A contract is a written or oral agreement between two parties which essentially revolves around their intention to create legal bindings-illustrate &explain
People enter into contracts all the time. In some cases, they may not even realise that they have entered into a contract. For example, when someone goes to a restaurant and orders food, without realisation, they have entered into a contract with the restaurant. People in trade and commerce do their business by making contracts. A contract is an exceedingly common tool to them. The law related to contracts is found in the Indian Contract Act, 1872.
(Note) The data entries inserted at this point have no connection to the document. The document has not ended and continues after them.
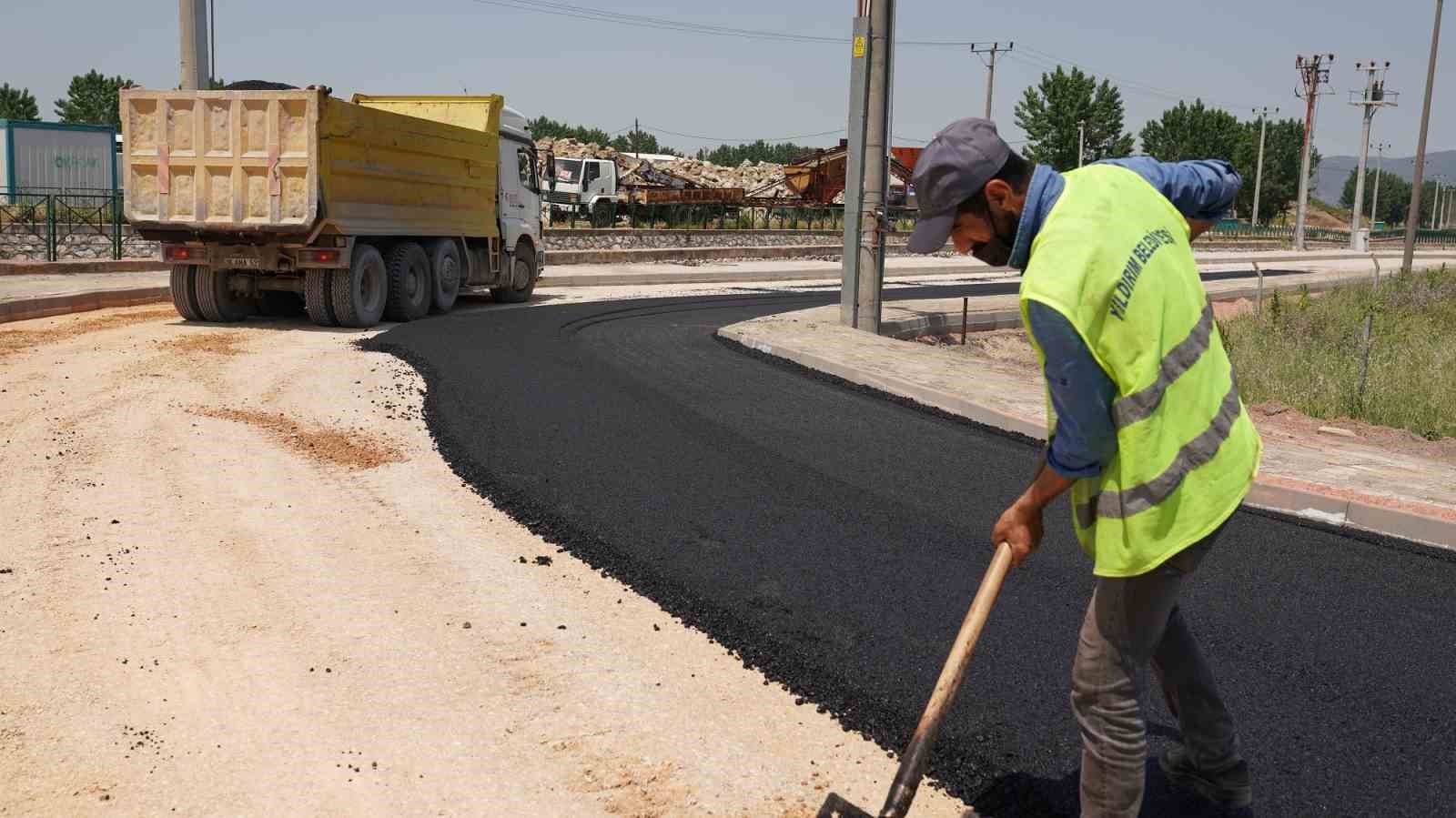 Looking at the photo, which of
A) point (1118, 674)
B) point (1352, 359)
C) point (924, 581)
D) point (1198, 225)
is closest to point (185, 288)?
point (924, 581)

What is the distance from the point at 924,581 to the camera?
5.39 m

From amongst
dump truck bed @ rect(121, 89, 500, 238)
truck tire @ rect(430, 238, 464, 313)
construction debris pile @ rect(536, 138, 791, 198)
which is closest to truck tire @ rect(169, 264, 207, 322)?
dump truck bed @ rect(121, 89, 500, 238)

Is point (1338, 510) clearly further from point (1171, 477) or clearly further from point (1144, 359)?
point (1144, 359)

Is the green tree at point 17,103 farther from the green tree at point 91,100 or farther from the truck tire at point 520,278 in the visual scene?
the truck tire at point 520,278

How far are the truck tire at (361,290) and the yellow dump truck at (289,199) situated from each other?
0.02m

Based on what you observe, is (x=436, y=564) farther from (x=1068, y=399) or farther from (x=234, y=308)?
(x=234, y=308)

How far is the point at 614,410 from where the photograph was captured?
357 inches

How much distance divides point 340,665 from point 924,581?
239 cm

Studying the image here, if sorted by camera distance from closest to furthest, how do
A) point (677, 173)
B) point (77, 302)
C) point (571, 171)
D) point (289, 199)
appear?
point (289, 199) < point (77, 302) < point (571, 171) < point (677, 173)

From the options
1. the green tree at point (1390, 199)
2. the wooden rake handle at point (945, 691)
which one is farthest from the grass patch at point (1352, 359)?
the green tree at point (1390, 199)

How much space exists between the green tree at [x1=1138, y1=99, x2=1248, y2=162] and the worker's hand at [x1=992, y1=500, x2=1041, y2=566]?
89.2m

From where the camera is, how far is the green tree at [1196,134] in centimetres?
8656

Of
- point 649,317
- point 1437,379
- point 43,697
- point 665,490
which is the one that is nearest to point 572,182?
point 649,317

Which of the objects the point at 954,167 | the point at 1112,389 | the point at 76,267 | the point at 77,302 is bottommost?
the point at 77,302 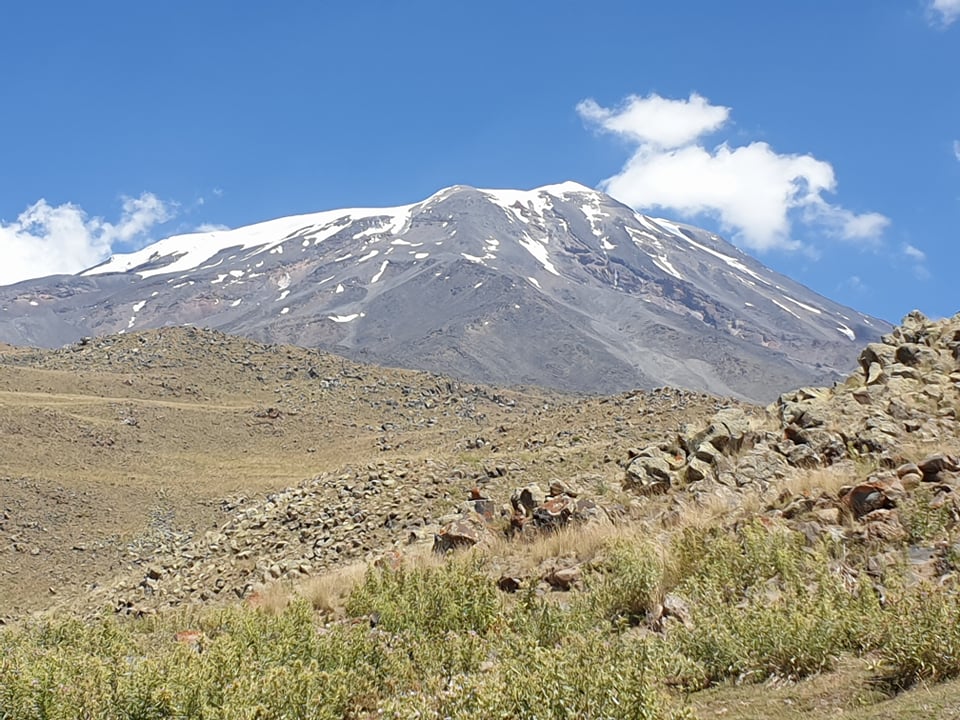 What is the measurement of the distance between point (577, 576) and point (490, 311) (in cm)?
11727

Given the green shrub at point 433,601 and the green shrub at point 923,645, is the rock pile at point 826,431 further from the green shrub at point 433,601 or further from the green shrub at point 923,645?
the green shrub at point 923,645

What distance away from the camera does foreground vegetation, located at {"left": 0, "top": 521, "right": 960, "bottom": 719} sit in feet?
12.9

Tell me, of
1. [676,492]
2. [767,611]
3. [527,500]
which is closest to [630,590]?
[767,611]

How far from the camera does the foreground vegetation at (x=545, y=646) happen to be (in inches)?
155

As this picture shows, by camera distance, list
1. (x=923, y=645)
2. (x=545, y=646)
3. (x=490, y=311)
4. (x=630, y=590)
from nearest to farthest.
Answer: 1. (x=923, y=645)
2. (x=545, y=646)
3. (x=630, y=590)
4. (x=490, y=311)

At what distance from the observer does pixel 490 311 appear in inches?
4887

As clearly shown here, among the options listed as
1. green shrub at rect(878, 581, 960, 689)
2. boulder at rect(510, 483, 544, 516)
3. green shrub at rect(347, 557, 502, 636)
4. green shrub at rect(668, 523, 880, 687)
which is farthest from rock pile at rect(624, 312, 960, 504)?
green shrub at rect(878, 581, 960, 689)

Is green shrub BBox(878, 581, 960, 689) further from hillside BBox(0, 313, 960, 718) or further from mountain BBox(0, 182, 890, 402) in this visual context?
mountain BBox(0, 182, 890, 402)

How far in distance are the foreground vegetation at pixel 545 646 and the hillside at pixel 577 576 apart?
0.02 metres

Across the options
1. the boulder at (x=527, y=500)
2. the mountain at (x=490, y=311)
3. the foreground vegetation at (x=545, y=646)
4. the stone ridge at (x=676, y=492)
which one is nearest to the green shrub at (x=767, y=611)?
the foreground vegetation at (x=545, y=646)

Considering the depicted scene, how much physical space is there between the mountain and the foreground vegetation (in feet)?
298

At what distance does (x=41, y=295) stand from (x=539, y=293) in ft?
366

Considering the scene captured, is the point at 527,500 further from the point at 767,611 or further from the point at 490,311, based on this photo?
the point at 490,311

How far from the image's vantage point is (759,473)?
9.30 m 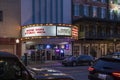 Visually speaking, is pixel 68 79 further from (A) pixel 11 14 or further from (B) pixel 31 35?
(A) pixel 11 14

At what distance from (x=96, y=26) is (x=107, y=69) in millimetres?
46326

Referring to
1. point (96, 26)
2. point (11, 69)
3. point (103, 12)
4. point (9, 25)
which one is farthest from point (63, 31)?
point (11, 69)

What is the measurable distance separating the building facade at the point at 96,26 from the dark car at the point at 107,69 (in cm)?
4065

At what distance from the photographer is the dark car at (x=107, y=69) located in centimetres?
1184

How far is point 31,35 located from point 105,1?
19.7m

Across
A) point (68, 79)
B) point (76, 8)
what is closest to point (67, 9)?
point (76, 8)

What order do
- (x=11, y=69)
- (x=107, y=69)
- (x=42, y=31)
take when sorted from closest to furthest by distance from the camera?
(x=11, y=69)
(x=107, y=69)
(x=42, y=31)

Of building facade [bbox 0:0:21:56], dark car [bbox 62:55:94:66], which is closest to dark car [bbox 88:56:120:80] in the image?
dark car [bbox 62:55:94:66]

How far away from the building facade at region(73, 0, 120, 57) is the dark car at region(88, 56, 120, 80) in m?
40.6

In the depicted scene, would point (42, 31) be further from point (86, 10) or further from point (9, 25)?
point (86, 10)

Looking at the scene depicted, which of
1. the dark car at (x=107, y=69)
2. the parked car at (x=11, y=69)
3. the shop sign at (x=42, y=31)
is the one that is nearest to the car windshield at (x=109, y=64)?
the dark car at (x=107, y=69)

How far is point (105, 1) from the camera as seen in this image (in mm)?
61344

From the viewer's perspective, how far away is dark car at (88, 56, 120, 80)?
11.8 metres

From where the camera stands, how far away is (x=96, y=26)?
58062mm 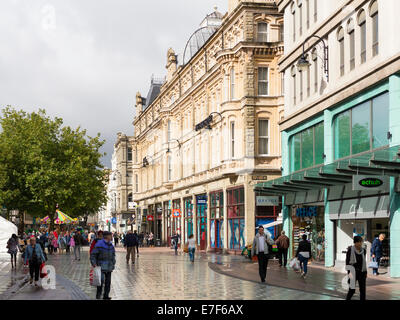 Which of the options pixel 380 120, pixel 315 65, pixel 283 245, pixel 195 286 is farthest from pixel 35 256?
pixel 315 65

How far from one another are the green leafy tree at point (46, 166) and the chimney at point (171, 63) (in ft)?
30.5

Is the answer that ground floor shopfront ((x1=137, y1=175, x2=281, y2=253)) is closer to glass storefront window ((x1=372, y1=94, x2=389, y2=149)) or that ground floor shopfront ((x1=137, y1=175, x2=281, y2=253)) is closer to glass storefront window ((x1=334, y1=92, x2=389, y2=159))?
glass storefront window ((x1=334, y1=92, x2=389, y2=159))

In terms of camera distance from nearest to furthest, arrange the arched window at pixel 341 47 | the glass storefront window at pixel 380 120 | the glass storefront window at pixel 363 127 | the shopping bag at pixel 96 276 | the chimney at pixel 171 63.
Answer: the shopping bag at pixel 96 276, the glass storefront window at pixel 380 120, the glass storefront window at pixel 363 127, the arched window at pixel 341 47, the chimney at pixel 171 63

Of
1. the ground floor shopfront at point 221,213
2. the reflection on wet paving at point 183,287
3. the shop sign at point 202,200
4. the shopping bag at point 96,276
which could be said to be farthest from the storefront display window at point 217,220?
the shopping bag at point 96,276

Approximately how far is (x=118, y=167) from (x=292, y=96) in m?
82.4

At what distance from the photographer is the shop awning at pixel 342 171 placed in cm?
1998

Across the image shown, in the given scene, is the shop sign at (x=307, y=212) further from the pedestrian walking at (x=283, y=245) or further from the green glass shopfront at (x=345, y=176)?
the pedestrian walking at (x=283, y=245)

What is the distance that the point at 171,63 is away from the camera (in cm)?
6612

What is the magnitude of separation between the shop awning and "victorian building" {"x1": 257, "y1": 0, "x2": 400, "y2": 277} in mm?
33

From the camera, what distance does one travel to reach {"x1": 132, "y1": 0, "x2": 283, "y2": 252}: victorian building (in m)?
42.5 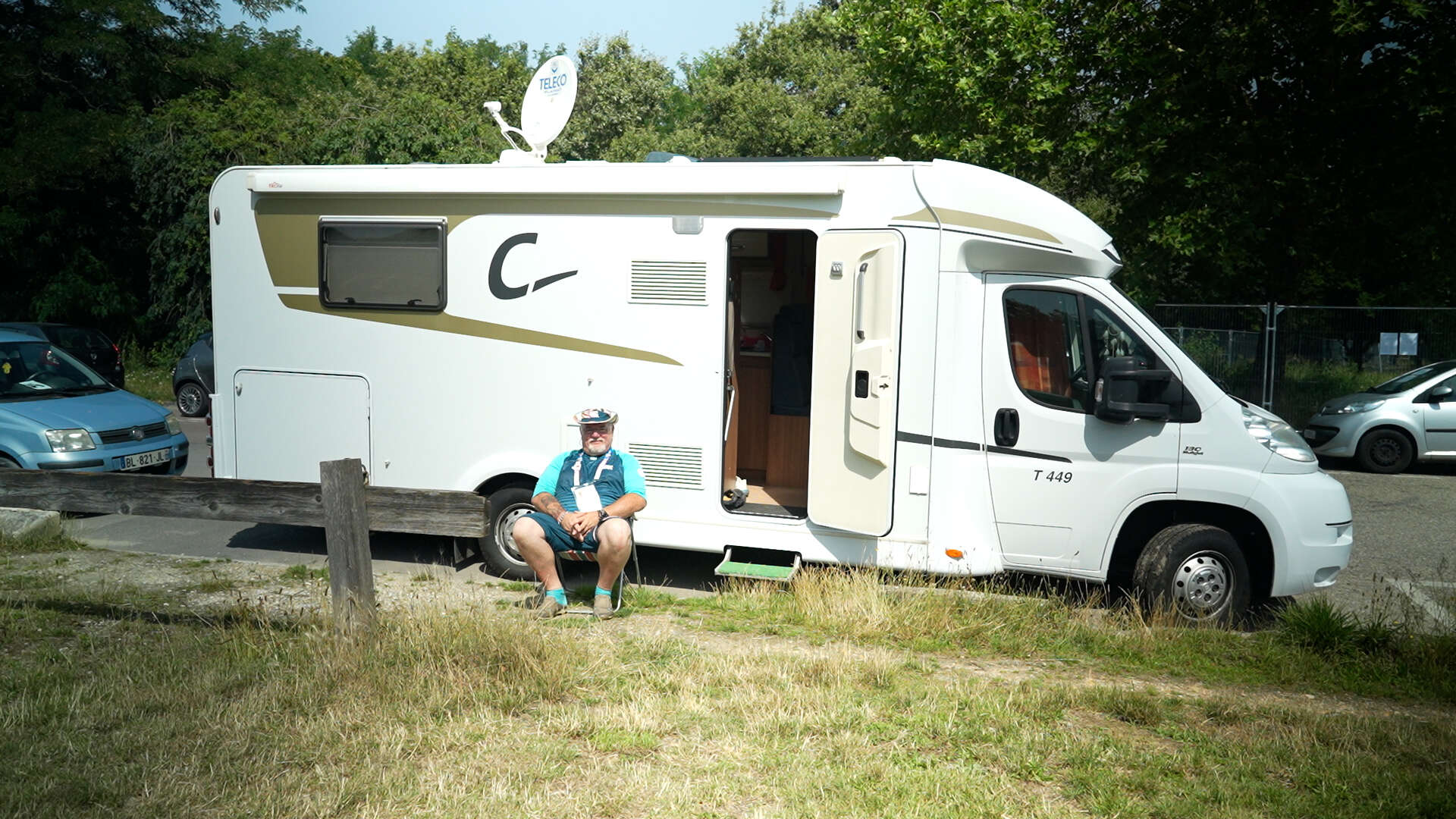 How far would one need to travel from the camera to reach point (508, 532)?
789 centimetres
The law of contract is different from the other sectors and branches of law in a very significant way. The parties making the contract can create their own rights, privileges, and duties, but the contract is limited to only these rights and duties; only what is specified in the contract. The law of contract does not protect or enforce any specific rights or duties. We can conclude that, in a way, the parties in a contract make the law for themselves. Therefore, as long as parties in the contract do not transgress any legal prohibition, they can make any rules they like related to the subject matter of their contract and the law will give effect to their contract.
Agreement and Contract
Section 2(h) defines a contract as an agreement enforceable by law. So in a contract there must not only be an agreement, but an agreement that is enforceable by law. A contract must be between two or more parties who voluntarily enter into this agreement enforced by law. Each of these parties creates one or more legal obligations between themselves.
In Section 2(e) agreement is defined as ‘every promise and every set of promises forming the consideration for each other’. A promise is a proposal which has been accepted. Section 2(b) says ‘a proposal, when accepted, becomes a promise’. So we can say that an accepted proposal is a promise. The person making the proposal is called the promisor and the person accepting the proposal is called the promisee. The willingness to make a proposal should be indicated and declared by the promisor. A proposal is said to be completed when the promisor has communicated with the other party. Therefore, the two elements of an agreement are: an offer or a proposal and an acceptance of that offer or proposal. All agreements, however, are not contracts. An agreement is just a proposal which has been accepted. It only becomes a contract when it is enforceable by law. In other words, an agreement that the law will enforce or put into effect is a contract. “All agreements are contracts if they are made by the free consent of parties competent to contract, for a lawful consideration and with a lawful object, and are not hereby declared to be void”.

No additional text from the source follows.